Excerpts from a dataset
☆ ☆ ☆ ☆ ☆ ☆ ☆
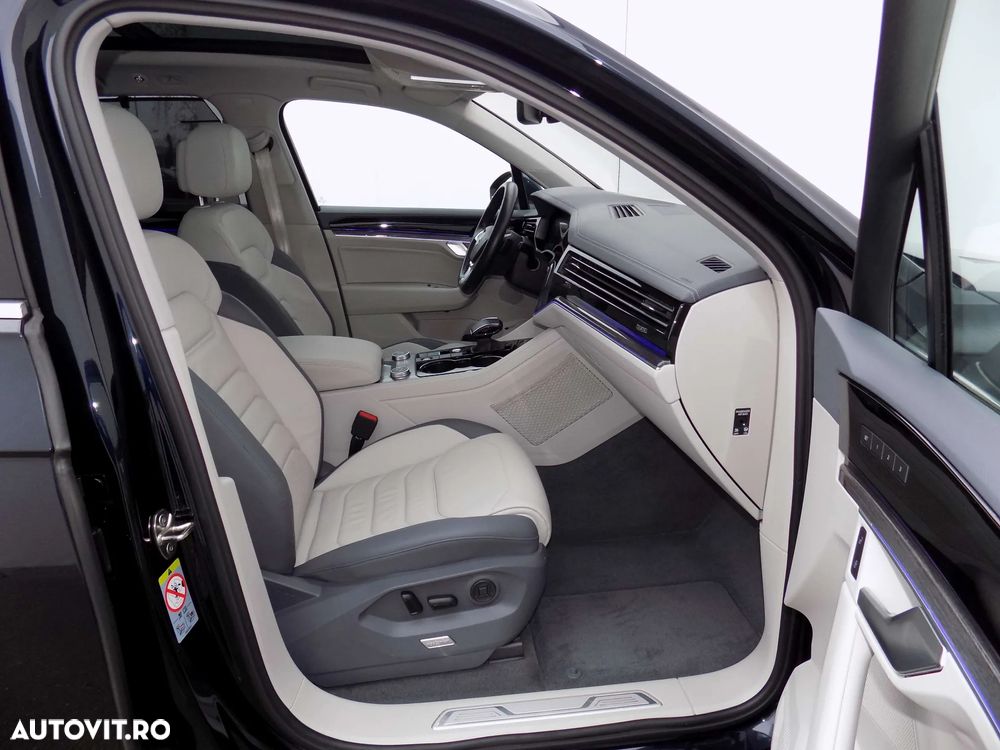 Volkswagen Touareg 3.0 V6 TDI 4Motion DPF Automatik Atmosphere - 36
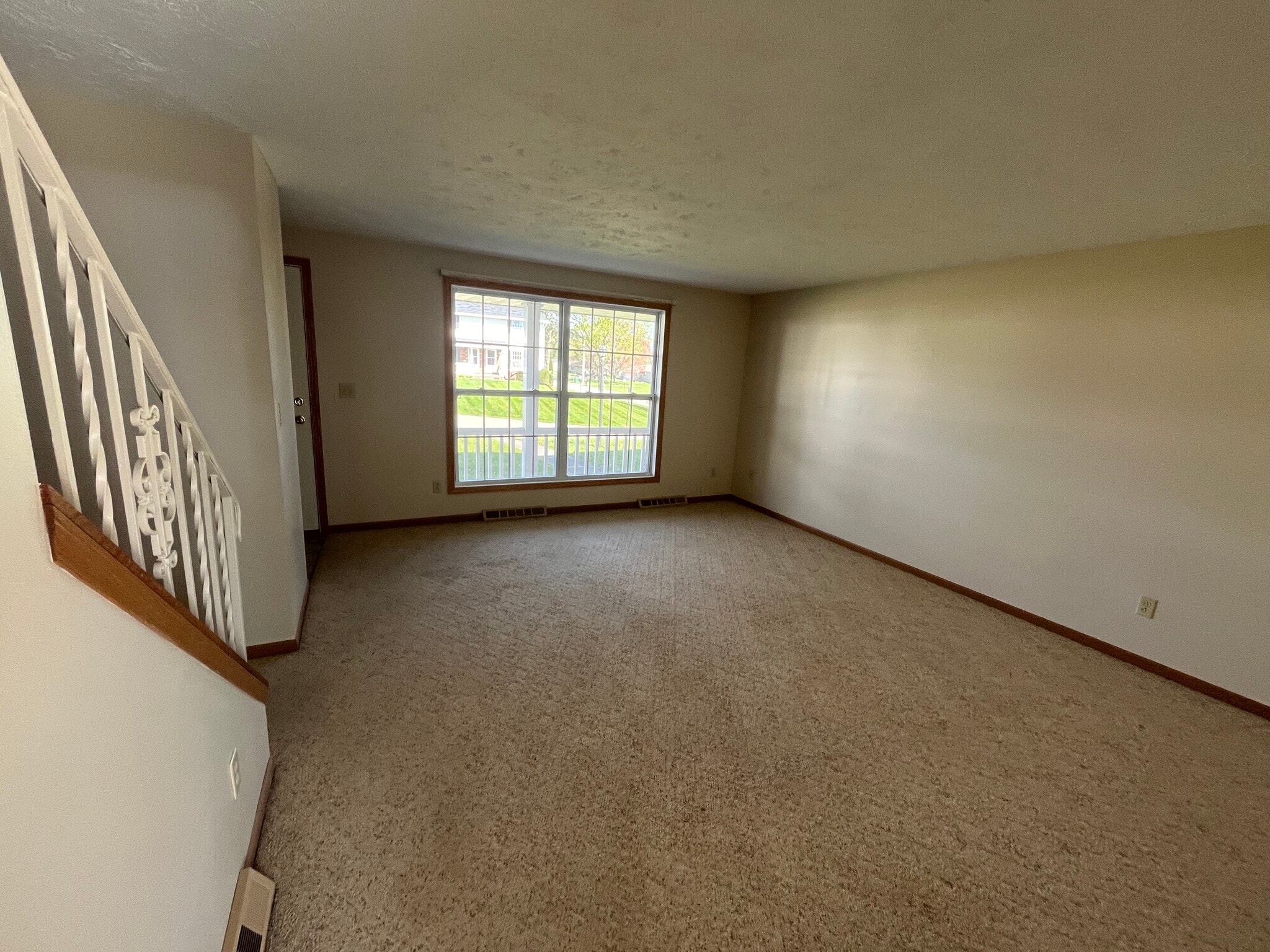 Building Photo - 1171 Yuma Cir NE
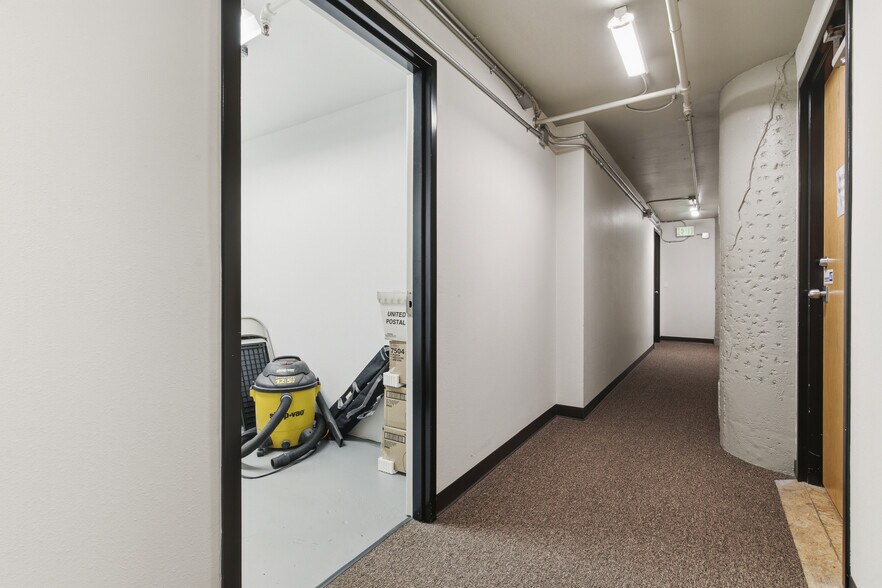More Photos Of 1314 NW Irving St, Portland Apartments For Sale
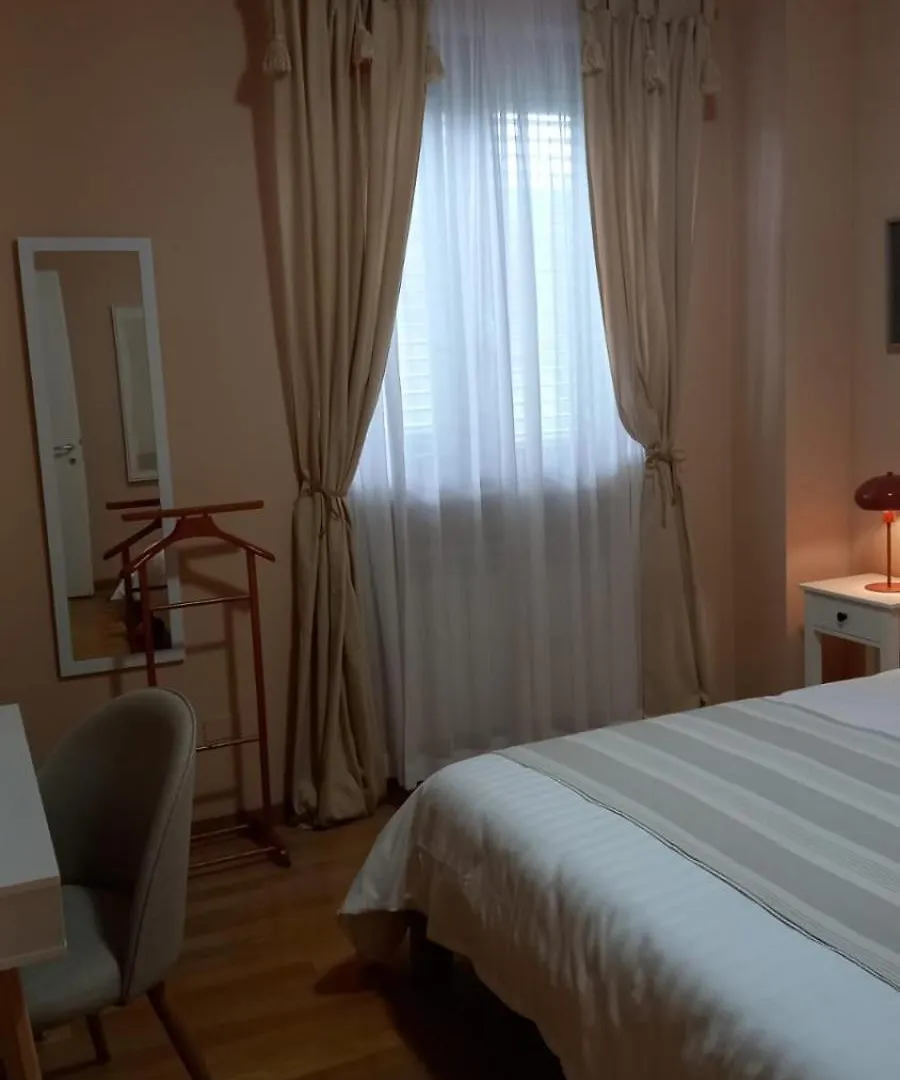 Lilly House Bed & Bike Villa Cortona 0*,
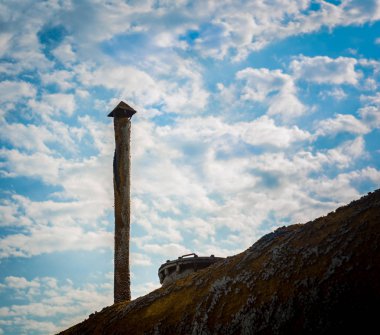 eski paslı baca boru ve mavi gökyüzü ve bulutlar karşı şekildepaslı kapak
☆ ☆ ☆ ☆ ☆ ☆ ☆
Hand back the data above exactly, with no images.

◆ **Task result**:
 Volkswagen Touareg 3.0 V6 TDI 4Motion DPF Automatik Atmosphere - 36
 Building Photo - 1171 Yuma Cir NE
More Photos Of 1314 NW Irving St, Portland Apartments For Sale
 Lilly House Bed & Bike Villa Cortona 0*,
 eski paslı baca boru ve mavi gökyüzü ve bulutlar karşı şekildepaslı kapak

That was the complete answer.